The PCAOB’s enforcement program’s guiding principle is the protection of investors. Enforcement actions hold auditors accountable and operate as a deterrent. This amendment aligns with those goals. It will allow us to better hold accountable associated persons who directly and substantially contribute to their firms’ violations. This rule applies when those persons act or fail to act in such a way that, in the language of the rule, they “knew or should have known would contribute to such violation.” That is the new language before us today. It is short and it is clear. By focusing associated persons more on the duties they must uphold, this amendment will protect investors and will promote ethical behavior and ultimately help to ensure the profession maintains its vital position of trust.

This amendment’s other main advantage is that it makes our enforcement provisions more internally consistent, and more consistent with those of the U.S. Securities and Exchange Commission (“SEC”), as the staff detailed in their presentation. The amended rule offers additional deterrence without subjecting auditors to any new or different standard to govern their conduct in light of the SEC’s authority. Such consistency is particularly important because it allows for clearer understanding about how rules and standards will be enforced. Rules that are clear are more equitable, because they put all auditors on equal footing to understand and integrate them into their operations.

As I reflected on the many comment letters submitted, it is clear the proposal has raised concerns. I acknowledge these concerns and was reassured by the release’s lengthy discussion of those comments. Ultimately, the Board is not adopting a negligence standard for the purpose of facilitating an increase in penalties; rather, the Board is adopting a negligence standard to facilitate an increase in accountability and deterrence. As the release states, accountability frequently improves outcomes.

The release underscores how the rule as amended is tailored to serve its purpose. This has been done primarily through the retention of the requirement that misconduct must “directly and substantially” contribute to the underlying violation. I believe this requirement is an important and appropriate limitation to make sure that culpable misconduct remains the focus. Furthermore, the release specifically states that the amendment does not target mere errors in judgement, but rather unreasonable conduct. This should minimize certain unintended consequences raised by commenters.

Similarly, the release discusses how the interaction of PCAOB and SEC enforcement activities was considered, to avoid needless duplication and meet the needs of each organization’s program in the ultimate protection of investors. In other words, the rule aims to strike the right balance in the context of that larger enforcement framework.

Conclusion

I am grateful for those commenters who took the time and effort to contribute their views by submitting comment letters. The recommendation has been updated in response to that input, most notably by removing the proposed language that would have allowed an associated person to be liable for contributing to a violation by any registered firm, not just a firm they are associated with. I appreciate the staff’s thoughtful consideration exhibited on this and other important questions raised by commenters.

Let me end with where I began – with trust in the profession.
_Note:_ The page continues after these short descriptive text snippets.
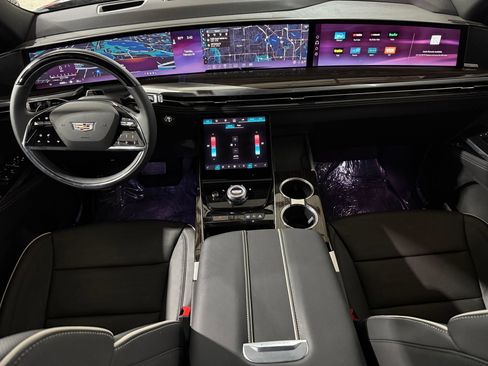 New 2025 Cadillac Escalade Premium Luxury w/ Touring Package image 14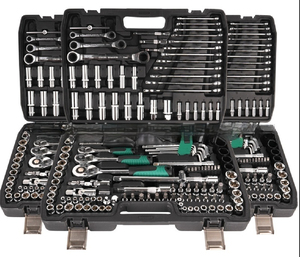 Juego <span class=keywords><strong>de</strong></span> Llaves <span class=keywords><strong>de</strong></span> Trinquete <span class=keywords><strong>de</strong></span> 151 Piezas, Acero al Cromo Vanadio, para Mantenimiento Automotriz y <span class=keywords><strong>de</strong></span> Locomotoras, Caja <span class=keywords><strong>de</strong></span> <span class=keywords><strong>Herramientas</strong></span> Rígida <span class=keywords><strong>de</strong></span> 47x33x10cm - Product Image 1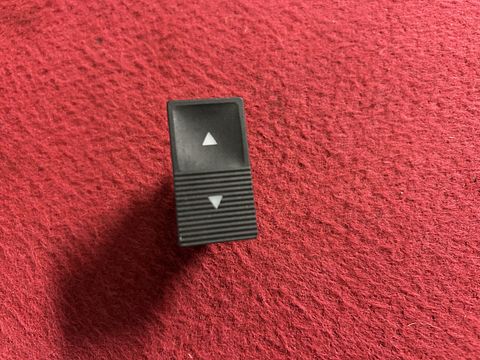 Alfa Romeo 164 raamschakelaar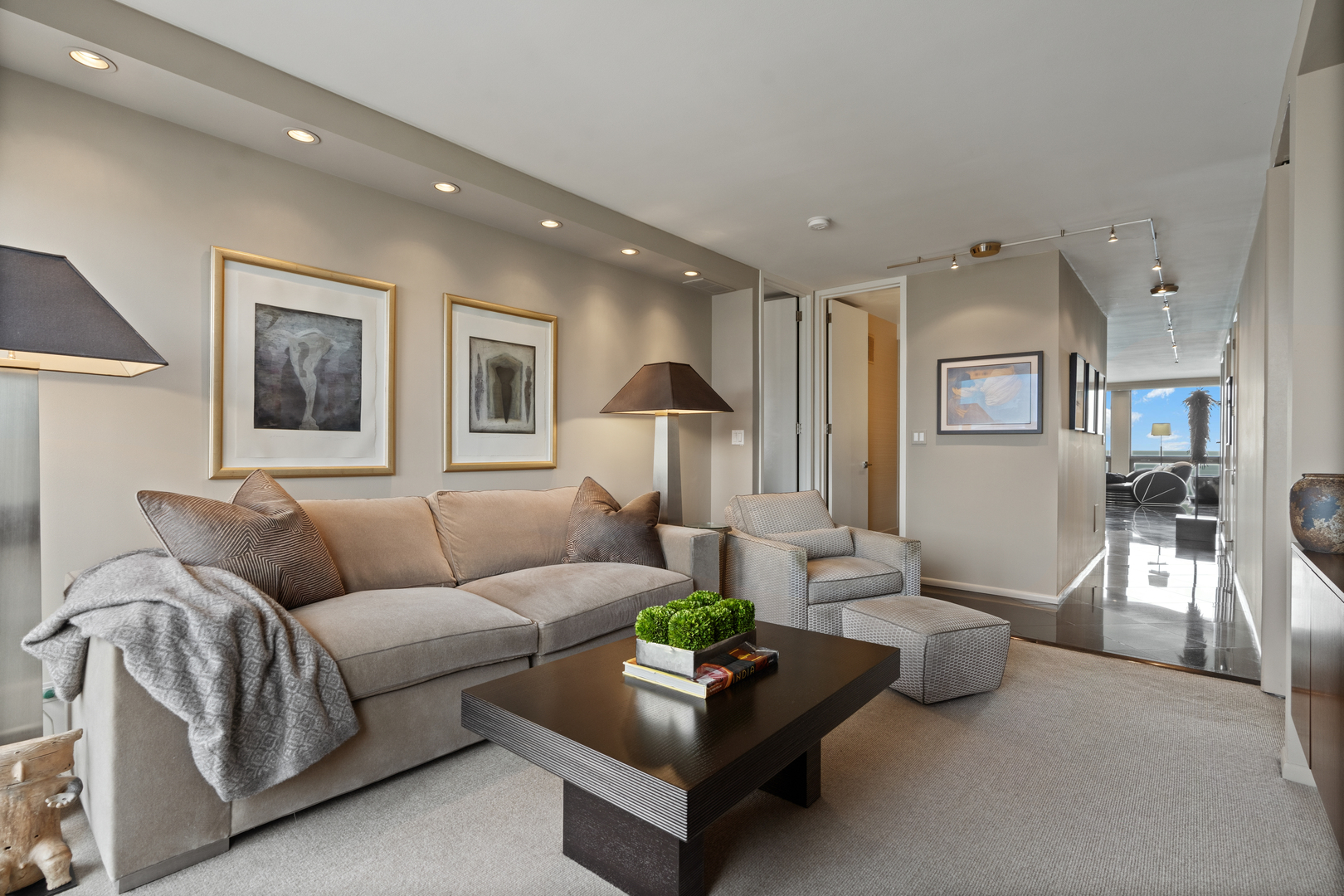 1240 N Lake Shore Drive Unit: 22A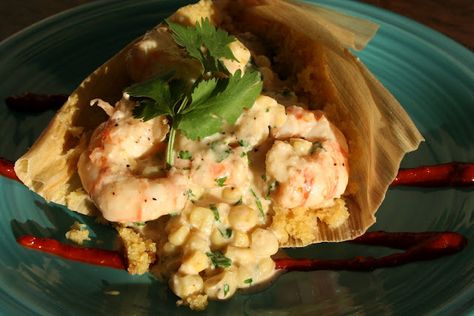 Corn tamale with creamy shrimp. OMG thanks Bobby Flay Shrimp Tamales, Shrimp Tamales Recipe, Corn Tamales, Bobby Flay Recipes, What Is For Dinner, Creamy Shrimp, Tamale Recipe, Creamy Corn, Favorite Recipes Dinner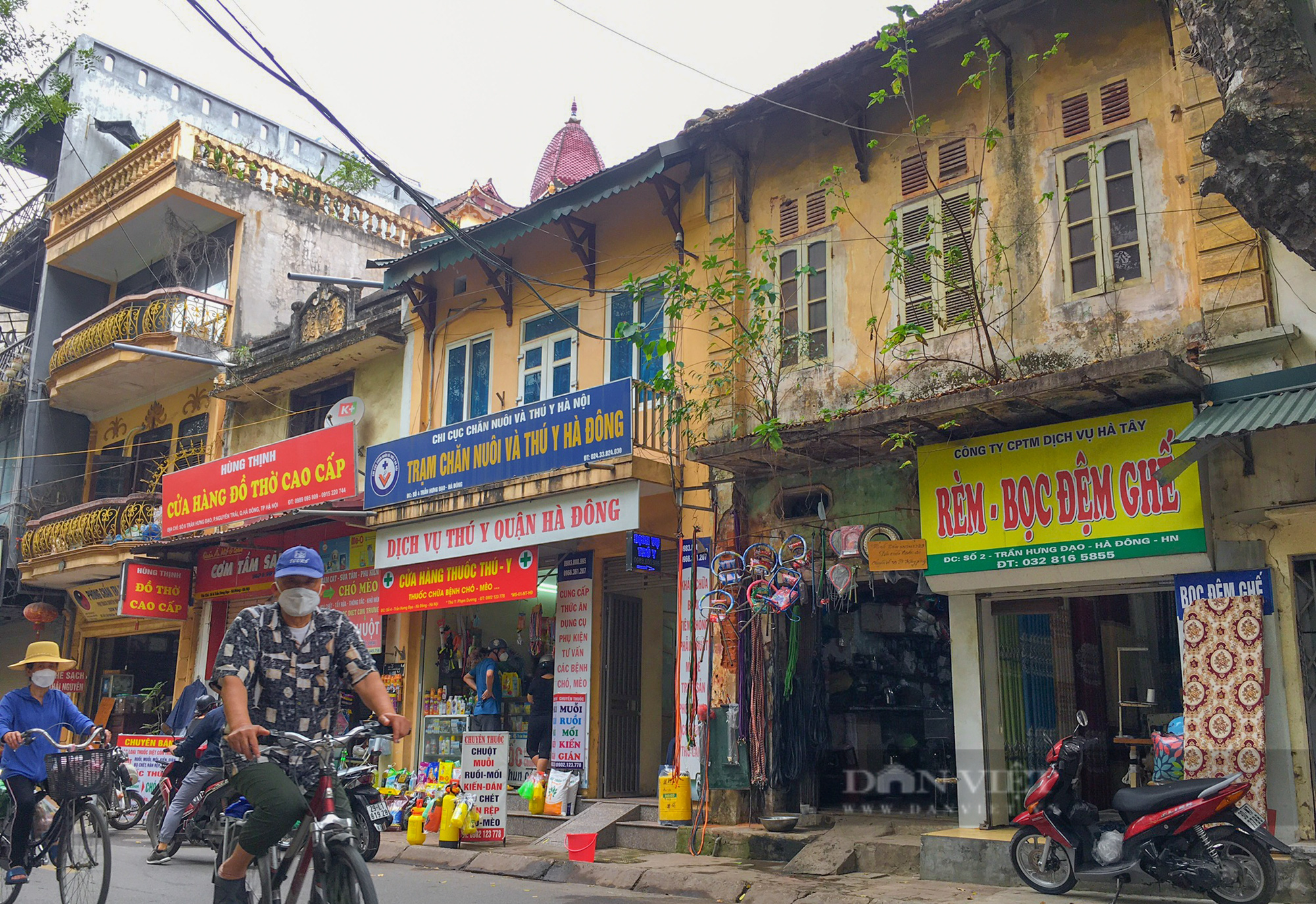 Cận cảnh những ngôi nhà cổ hàng trăm năm tuổi còn sót lại ở Hà Đông (Hà Nội) - Ảnh 6.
Nothing is more important than ensuring that trust remains intact. Even a small contribution to that cause is worthy.

My thanks to the staff for all of their hard work on this project, and in particular, their diligence in meeting with me to address my questions. I extend my gratitude to James Cappoli, Connor Raso, Drew Dropkin, Damon Andrews, and Vince Meehan from the Office of the General Counsel; to Martin Schmalz, Rahsan Inget, Tasneem Raihan, John Cook, Shayna Vereen, and Federico Garcia from the Office of Economic and Risk Analysis; and to Bob Rice, Mike Davis, John Abell, and Bill Ryan from the Division of Enforcement and Investigations.